Dental laboratory technicians perform one main function for the dentist's office: they take dental prints that the dentist gets from patients and use them to make accurate dental models from wax. These dentures can then be used as a reference to build nissui idonesia dentures, or to make dental structures such as bridges and crowns, which will then be secured by the dentist to the patient's mouth. Some technicians work behind the dentist's office, while others work in large laboratories and are contracted to do work for various dentists in certain areas.


To become a dental laboratory technician, you must have high-level sculpting skills. You also have to be a patient individual. Sometimes dentists will refuse the work of a dental laboratory technician several times before they get a model they like, and some technicians feel that some dentists reject the work arbitrarily. You cannot be frustrated. Because it's your job to serve the dentist, all you can do is try to live up to his expectations as precisely as possible. Dental lab technicians also work alone for long periods of time, so you can't be delayed by yourself. In fact, there are rarely technicians who have made contact with patients, except when they have to physically measure a person's teeth for a reason.

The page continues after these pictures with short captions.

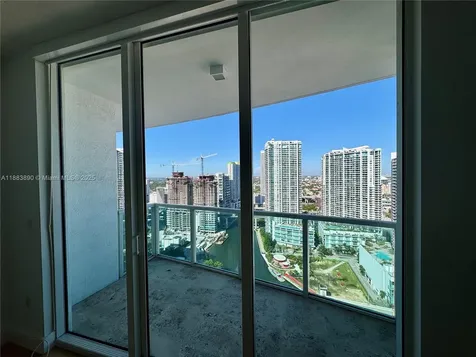 31 SE 5th Street Miami FL 33131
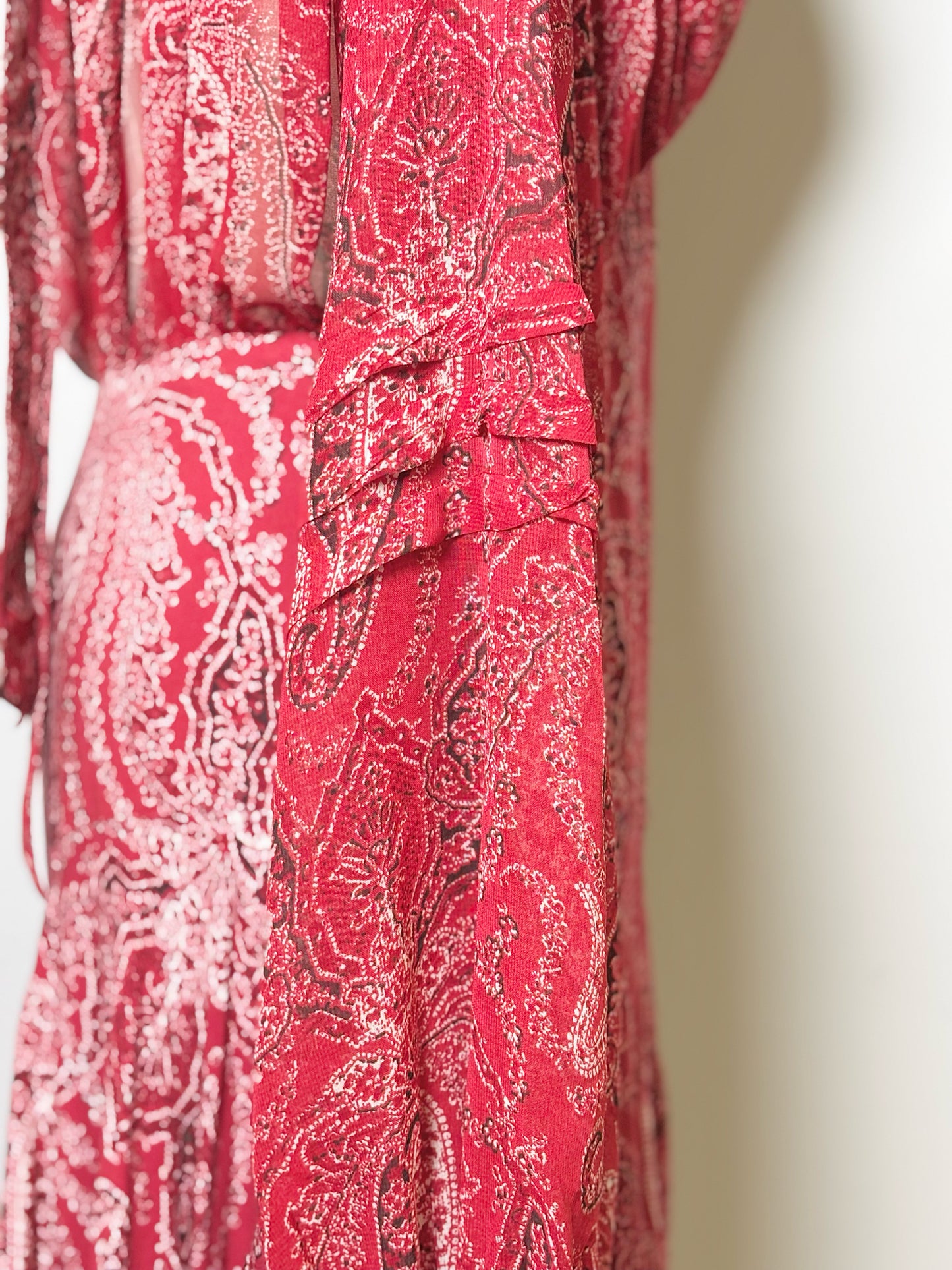 Women Size 4 Free People Red, Black, White Paisley Maxi Mirage Dress
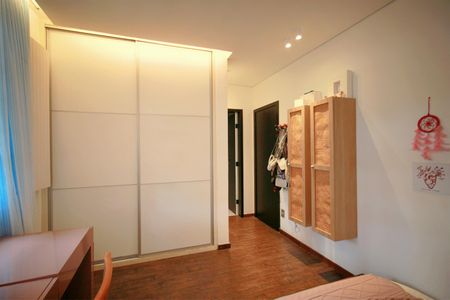 Casa à venda com 397m², 4 quartos e 7 vagasSuite 2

What's interesting about this career is that you don't have to go to school for it. Having an associate's degree or even a bachelor's degree in a field related to science, anatomy, or dentistry might give you an edge when you apply for a job, but that's not necessary. Many dental laboratory technicians learn everything they need to know correctly at work.


Labs often place new technicians through their own informal training programs, who teach them what materials are needed to make dental sculptures, and how to rebuild and reshape molds. Sometimes the lab will regard the technician as a trainee for several years before he is allowed to make his own dental sculpture. Until then, new technicians will always be under the supervision of veteran employees, and will assist the lab with administrative and maintenance tasks. However, there are courses and programs in laboratory practicum that can be taken by someone in many colleges and communities, so that he will be ready to serve as a full-time technician on the first day of work.